For the past 10 years Alisa Crawford has been the miller and manager of this historic building. She is also the only Dutch certified miller in the Americas and the only woman miller in the Ambachtelijk Korenmolenaars Gilde (the professional and traditional grain-millers guild of the Netherlands).

When she visited us at Brixton, Alisa told us how she got her job.

Alisa’s love of history and traditional crafts began at age 13 and was inspired by a visit made to Colonial Williamsburg, Virginia. Two years later she started an apprenticeship at Crossroads, Michigan, a late 19th-century historical village.

Her milling career began when she was 17 and was apprenticed at the village’s water mill.
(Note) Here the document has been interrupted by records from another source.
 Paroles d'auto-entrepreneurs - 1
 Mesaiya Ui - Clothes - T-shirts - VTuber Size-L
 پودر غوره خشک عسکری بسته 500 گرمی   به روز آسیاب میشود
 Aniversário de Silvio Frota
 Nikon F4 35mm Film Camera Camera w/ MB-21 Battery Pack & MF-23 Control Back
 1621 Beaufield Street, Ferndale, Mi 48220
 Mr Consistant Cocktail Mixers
Later she took over running the mill, becoming one of the first women millers in the USA. That year she also began degree studies in history.

After gaining her master’s degree in history museum studies she was prepared for a career in open-air museums. She joined the Holland Museum in 1997 as education director, and five years later after leaving to start a family she began to work part time at De Zwaan.
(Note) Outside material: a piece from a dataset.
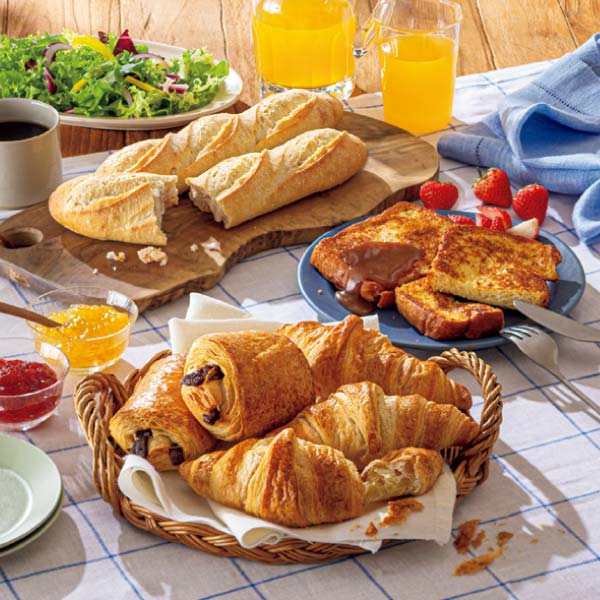 ピカール パリの朝食セット【冬の贈りもの・お歳暮】　商品画像1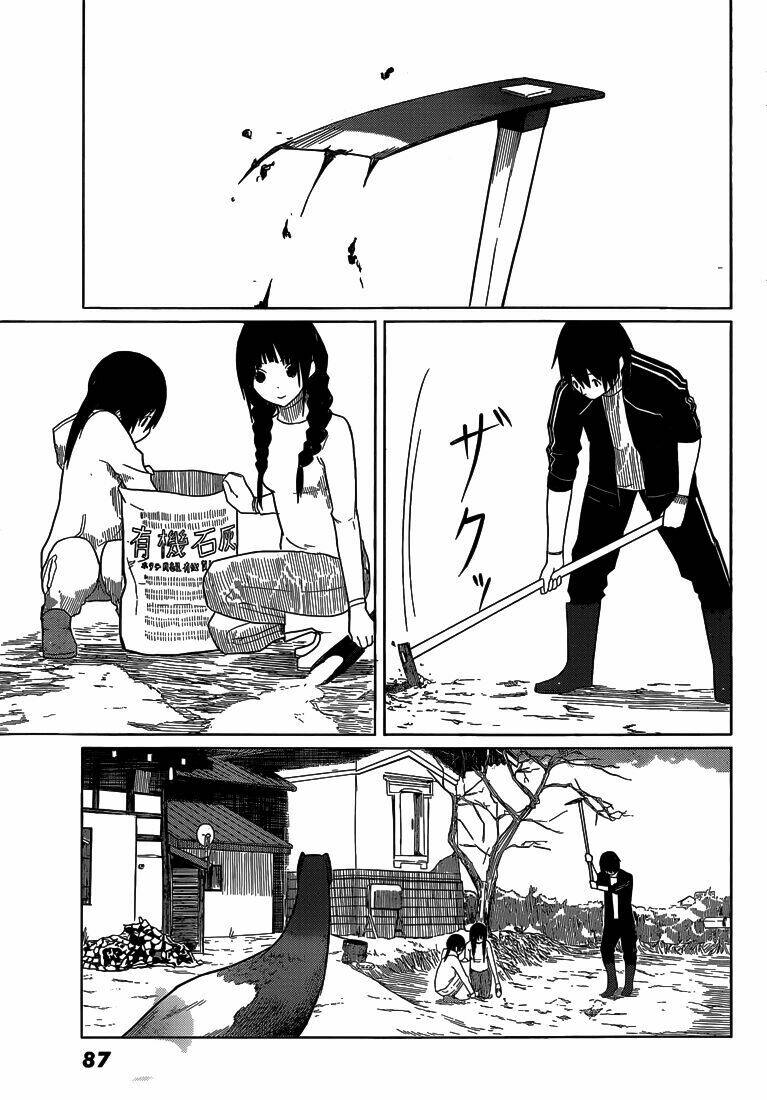 Flying Witch Chapter 3 - Trang 2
Her previous experience was at a water mill and when she applied to be miller at De Zwaan she had to overcome the fact that not only was she a young woman but she had no windmill experience. For her first few years she mainly worked sifting and packaging flour while she was introduced to handling De Zwaan’s machinery.

Determined to take on milling, in 2006 she applied to join the training programme of the Netherlands Guild of Millers. The Guild had never had such a request from an overseas student but, as she was working at an authentic Dutch windmill, they finally agreed.

Alisa had to complete 150 hours of training under Dutch-certified millers, and in preparation for this she learned to speak Dutch. She had to pass an exam proving her fluency before being accepted on the miller training programme.

After working with several Dutch millers, including the only two female millers in the Netherlands, Alisa was accepted as a journeyman level member of the Professional Grain Millers Guild of the Netherlands, becoming the first Dutch-certified miller in the Americas. She can be reviewed for promotion to the master miller level after 10 years.

Today, Alisa not only mills flour regularly at De Zwaan but is also the event coordinator for the entire Windmill Island project. On average 55,000 people visit the windmill in Holland each year.

It was fascinating to meet Alisa at Brixton Windmill and we were very pleased that such a highly qualified traditional miller found Timo and Dan, our volunteer millers, competent, and the quality of the wholemeal stoneground flour we mill at Brixton “excellent”.

To find out where you can purchase Brixton Windmill Flour click here.

Photos below show De Zwaan Windmill (Discover Holland) and Alisa Crawford (Alisa Crawford)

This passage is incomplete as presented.